Single by James Brown and the Famous Flames

from the album Think!
- B-side: "If You Want Me"
- Released: February 1961
- Recorded: January 30, 1959, Beltone Studios, New York, NY
- Genre: R&B, doo-wop
- Length: 2:21
- Label: King
- Songwriters: Teddy Powell Leonard Whitcup
- Producer: Andy Gibson

James Brown charting singles chronology
| "The Bells" (1961) | "Bewildered" (1961) | "I Don't Mind" (1961) |

Audio video
- "Bewildered" on YouTube

= Bewildered =

"Bewildered" is a popular song written in 1936 by Teddy Powell and Leonard Whitcup. It was a 1938 hit for Tommy Dorsey and His Orchestra.

==1948 recordings==
The song was revived in the late 1940s when two different versions, by the Red Miller Trio and Amos Milburn, reached number one on the R&B chart in 1948 (neither of them made the pop chart). Both these versions departed significantly from the original published melody and influenced later recordings.

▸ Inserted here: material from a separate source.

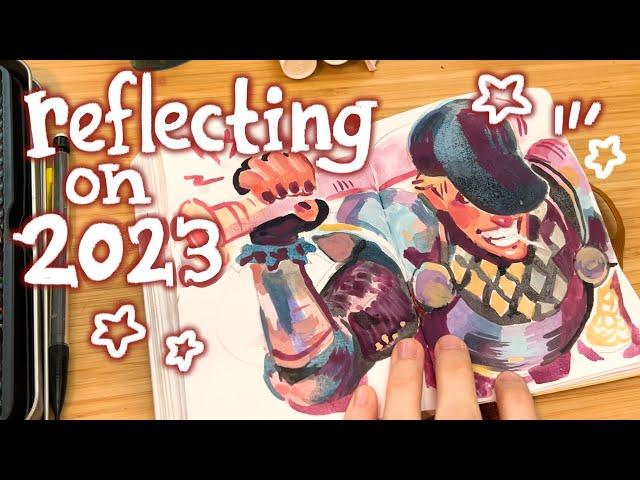 art vlog  painting my oc's and more printmaking!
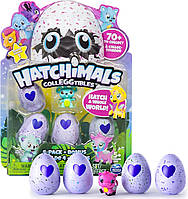 Хатчималс набор 4 яйца и бонусная фигурка сезон 1 Hatchimals CollEGGtibles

==James Brown and the Famous Flames version==
James Brown and the Famous Flames recorded "Bewildered" in 1959. Their doo-wop–tinged rendition was somewhat similar to the Amos Milburn version, with a strong triplet feeling and a heavily melismatic vocal line. It was first released as a track on Brown's 1960 album Think!. The following year it was issued as a single, which reached the R&B Top Ten and became Brown's second single (after "Think") to enter the pop Top 40 (US charts: number 8 R&B; number 40 pop).

"Bewildered" became a staple of Brown's concerts for much of his career. It was featured in a medley on his breakthrough 1963 album Live at the Apollo and appeared on several of his later live albums, including Revolution of the Mind: Recorded Live at the Apollo, Vol. III (1971) and Love, Power, Peace (1992). He also recorded new studio versions for the albums Prisoner of Love (1963) and Sex Machine (1970).

===Personnel===
- James Brown - lead vocal

And The Famous Flames:
- Louis Madison - vocals, piano
- Bobby Bennett - vocals
- Baby Lloyd Stallworth - vocals
- Johnny Terry - vocals
- Willie Johnson - vocals

with the James Brown Band:
- George Dorsey - alto saxophone
- J.C. Davis - tenor saxophone
- Bobby Roach - guitar
- Bernard Odum - bass guitar
- Nat Kendrick - drums

==Other versions==
"Bewildered" was subsequently recorded by several others, including R&B performers:
- Also in 1938, it was also recorded by Mildred Bailey.
- Billy Eckstine and the Ink Spots, with Eckstine's version reaching number 4 on the R&B chart and number 27 on the pop chart.
- British Skiffle star Lonnie Donegan recorded the song in 1959.
- A decade later it was recorded by Mickey & Sylvia, again with an altered melody similar to that of the Red Miller Trio recording.
- "Bewildered" was also covered in 1990 by the Notting Hillbillies on their album Missing...Presumed Having a Good Time.
- "Bewildered" was also covered in 1996 by Roots Reggae artist Bim Sherman.